▸ **Task directions**
Print this span of the material below exactly: the line with "2003 Deer Run Circle, Muskogee, OK 74403", the line with "2025 Nissan Kicks SR", and every line between them, but nothing else.

*** Excerpted records

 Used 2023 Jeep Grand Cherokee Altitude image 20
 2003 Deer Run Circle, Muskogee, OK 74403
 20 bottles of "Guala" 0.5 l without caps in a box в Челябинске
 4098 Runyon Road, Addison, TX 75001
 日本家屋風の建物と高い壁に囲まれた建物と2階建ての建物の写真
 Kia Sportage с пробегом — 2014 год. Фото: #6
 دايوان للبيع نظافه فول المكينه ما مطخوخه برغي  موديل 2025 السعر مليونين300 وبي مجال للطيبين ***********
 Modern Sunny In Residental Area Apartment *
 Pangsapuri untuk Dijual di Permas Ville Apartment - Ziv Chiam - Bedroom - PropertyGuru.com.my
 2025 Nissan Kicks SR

******
*** Excerpted records

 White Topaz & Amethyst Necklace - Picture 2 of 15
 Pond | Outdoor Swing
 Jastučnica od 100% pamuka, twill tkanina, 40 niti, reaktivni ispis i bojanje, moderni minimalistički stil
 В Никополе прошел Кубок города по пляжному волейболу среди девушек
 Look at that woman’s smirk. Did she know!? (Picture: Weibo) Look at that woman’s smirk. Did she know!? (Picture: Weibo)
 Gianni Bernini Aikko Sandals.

******
*** Excerpted records

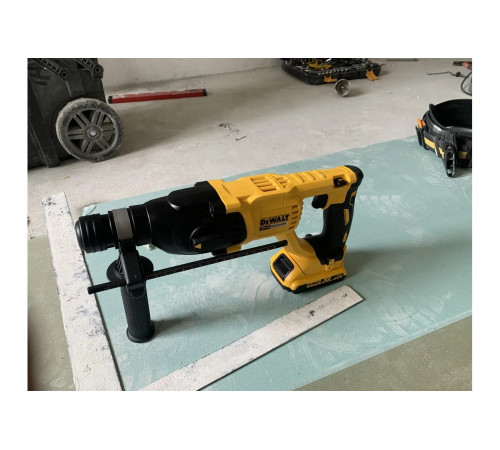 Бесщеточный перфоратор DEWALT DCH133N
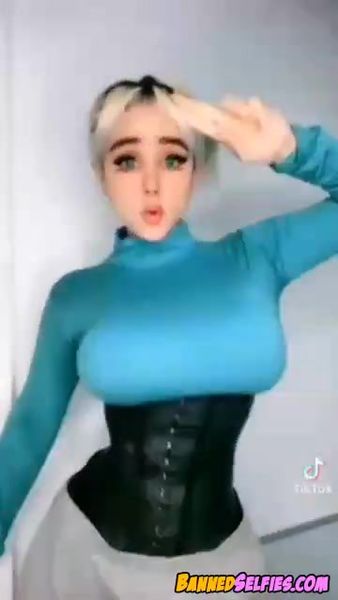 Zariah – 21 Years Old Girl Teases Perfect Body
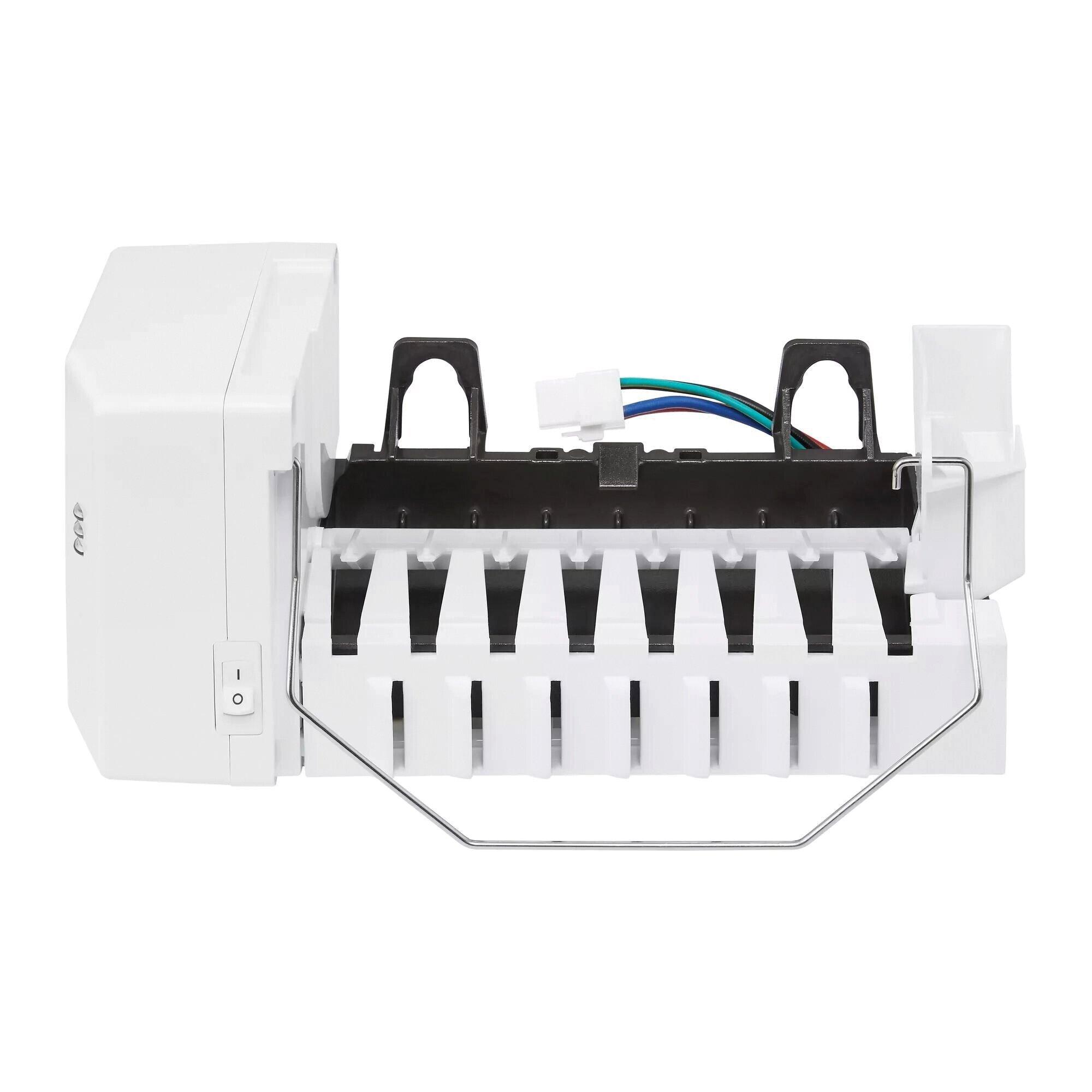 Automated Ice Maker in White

******

▸ **The completed task**
 2003 Deer Run Circle, Muskogee, OK 74403
 20 bottles of "Guala" 0.5 l without caps in a box в Челябинске
 4098 Runyon Road, Addison, TX 75001
 日本家屋風の建物と高い壁に囲まれた建物と2階建ての建物の写真
 Kia Sportage с пробегом — 2014 год. Фото: #6
 دايوان للبيع نظافه فول المكينه ما مطخوخه برغي  موديل 2025 السعر مليونين300 وبي مجال للطيبين ***********
 Modern Sunny In Residental Area Apartment *
 Pangsapuri untuk Dijual di Permas Ville Apartment - Ziv Chiam - Bedroom - PropertyGuru.com.my
 2025 Nissan Kicks SR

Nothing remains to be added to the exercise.